» **Task goal**
Everything in the listing below should be repeated exactly, apart from the pictures.

» **Supplied data**
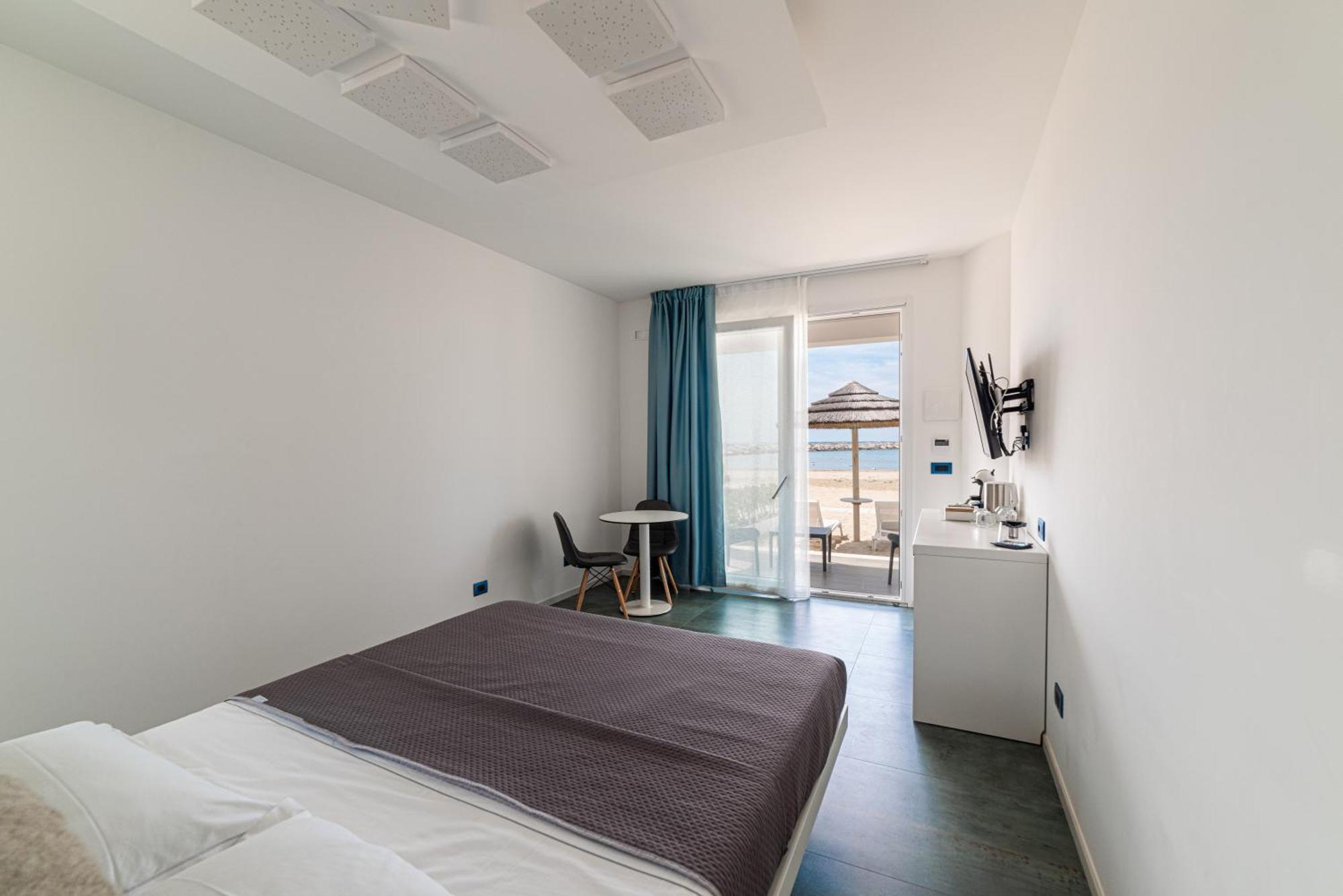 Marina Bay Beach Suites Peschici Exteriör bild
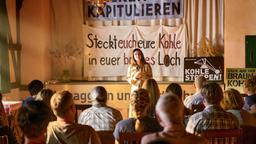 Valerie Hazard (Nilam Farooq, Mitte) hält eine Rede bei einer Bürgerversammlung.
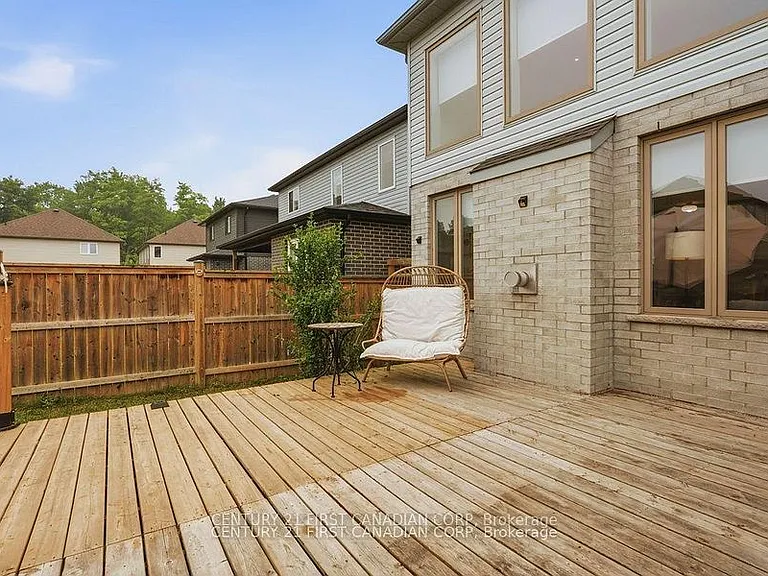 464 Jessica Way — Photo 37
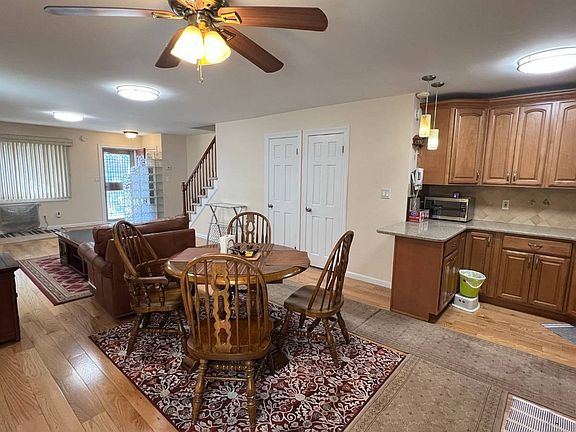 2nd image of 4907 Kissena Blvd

» **Answer space**
 Marina Bay Beach Suites Peschici Exteriör bild
 Valerie Hazard (Nilam Farooq, Mitte) hält eine Rede bei einer Bürgerversammlung.
 464 Jessica Way — Photo 37
 2nd image of 4907 Kissena Blvd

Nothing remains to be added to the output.